Find the lines of data that contain the string "logo", then list them.

(Dataset records)
*** Block opens ***
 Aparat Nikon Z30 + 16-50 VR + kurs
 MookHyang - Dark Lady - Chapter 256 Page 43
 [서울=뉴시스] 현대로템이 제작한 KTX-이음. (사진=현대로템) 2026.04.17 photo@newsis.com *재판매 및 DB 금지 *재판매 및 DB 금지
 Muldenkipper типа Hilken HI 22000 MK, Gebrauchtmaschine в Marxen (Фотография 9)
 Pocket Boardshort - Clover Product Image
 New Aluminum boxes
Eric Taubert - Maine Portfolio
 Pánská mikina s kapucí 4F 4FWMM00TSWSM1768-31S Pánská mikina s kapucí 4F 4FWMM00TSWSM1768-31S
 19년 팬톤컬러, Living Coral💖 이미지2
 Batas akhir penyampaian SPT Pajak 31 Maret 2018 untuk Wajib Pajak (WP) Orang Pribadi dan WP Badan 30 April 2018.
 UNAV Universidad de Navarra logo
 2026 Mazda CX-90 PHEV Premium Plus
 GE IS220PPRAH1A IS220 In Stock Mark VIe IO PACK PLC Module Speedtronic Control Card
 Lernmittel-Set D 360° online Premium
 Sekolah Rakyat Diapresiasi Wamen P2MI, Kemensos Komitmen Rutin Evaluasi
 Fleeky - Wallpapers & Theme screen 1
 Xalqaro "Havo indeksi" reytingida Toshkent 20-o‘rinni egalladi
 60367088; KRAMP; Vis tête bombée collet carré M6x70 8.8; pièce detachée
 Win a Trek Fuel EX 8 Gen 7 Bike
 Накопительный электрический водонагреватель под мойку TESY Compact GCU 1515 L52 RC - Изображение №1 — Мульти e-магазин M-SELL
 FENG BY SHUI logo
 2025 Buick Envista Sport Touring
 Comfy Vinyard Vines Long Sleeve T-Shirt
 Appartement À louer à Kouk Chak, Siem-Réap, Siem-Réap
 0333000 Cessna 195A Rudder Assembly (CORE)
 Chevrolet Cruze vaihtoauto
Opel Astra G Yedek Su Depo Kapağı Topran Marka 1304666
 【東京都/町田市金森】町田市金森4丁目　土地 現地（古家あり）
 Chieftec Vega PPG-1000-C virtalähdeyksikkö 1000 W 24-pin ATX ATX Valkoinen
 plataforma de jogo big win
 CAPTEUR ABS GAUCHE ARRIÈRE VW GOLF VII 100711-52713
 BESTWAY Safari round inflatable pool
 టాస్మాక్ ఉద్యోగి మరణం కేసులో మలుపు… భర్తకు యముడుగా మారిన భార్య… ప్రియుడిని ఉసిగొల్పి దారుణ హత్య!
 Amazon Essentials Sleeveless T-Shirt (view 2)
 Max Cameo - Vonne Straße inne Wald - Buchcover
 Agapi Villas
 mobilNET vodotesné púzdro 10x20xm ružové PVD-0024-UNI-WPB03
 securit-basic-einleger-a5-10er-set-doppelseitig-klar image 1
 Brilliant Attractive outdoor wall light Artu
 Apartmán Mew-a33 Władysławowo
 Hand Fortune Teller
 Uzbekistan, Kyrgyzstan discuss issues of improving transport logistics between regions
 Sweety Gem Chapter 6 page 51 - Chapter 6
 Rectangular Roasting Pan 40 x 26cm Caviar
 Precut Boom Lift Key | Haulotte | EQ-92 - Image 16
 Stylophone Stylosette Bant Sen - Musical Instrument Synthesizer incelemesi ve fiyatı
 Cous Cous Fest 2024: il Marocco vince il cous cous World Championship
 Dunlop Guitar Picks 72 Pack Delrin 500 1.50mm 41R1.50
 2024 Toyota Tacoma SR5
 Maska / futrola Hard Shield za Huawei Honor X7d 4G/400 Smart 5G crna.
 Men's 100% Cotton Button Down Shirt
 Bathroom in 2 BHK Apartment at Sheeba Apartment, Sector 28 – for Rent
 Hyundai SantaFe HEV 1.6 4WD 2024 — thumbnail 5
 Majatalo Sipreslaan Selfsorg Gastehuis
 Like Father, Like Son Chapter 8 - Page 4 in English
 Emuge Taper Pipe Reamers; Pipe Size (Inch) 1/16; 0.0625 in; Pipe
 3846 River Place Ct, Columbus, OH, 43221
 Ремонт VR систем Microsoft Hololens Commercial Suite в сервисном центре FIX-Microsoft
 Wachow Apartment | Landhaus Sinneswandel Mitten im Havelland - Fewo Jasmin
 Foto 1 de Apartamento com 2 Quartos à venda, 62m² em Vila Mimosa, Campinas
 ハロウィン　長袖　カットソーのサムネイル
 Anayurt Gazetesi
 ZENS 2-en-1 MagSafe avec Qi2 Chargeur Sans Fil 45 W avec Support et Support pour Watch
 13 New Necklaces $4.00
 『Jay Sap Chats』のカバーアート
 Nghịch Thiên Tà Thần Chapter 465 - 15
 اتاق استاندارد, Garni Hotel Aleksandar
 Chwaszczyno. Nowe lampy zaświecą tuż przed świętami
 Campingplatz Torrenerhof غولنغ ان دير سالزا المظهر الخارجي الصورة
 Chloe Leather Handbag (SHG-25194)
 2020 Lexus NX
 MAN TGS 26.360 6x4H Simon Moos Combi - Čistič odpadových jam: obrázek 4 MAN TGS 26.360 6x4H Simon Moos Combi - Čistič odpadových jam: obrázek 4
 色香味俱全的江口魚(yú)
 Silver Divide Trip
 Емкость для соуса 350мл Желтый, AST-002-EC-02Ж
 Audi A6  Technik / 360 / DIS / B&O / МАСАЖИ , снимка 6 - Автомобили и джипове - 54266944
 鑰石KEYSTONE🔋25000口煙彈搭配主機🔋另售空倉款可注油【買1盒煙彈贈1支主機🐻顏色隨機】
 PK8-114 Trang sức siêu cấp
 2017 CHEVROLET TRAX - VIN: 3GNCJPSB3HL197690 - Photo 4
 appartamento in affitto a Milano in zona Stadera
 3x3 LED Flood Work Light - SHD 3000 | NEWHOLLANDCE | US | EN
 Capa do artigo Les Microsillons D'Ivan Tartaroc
*** Block closes ***
Task response:
 UNAV Universidad de Navarra logo
 FENG BY SHUI logo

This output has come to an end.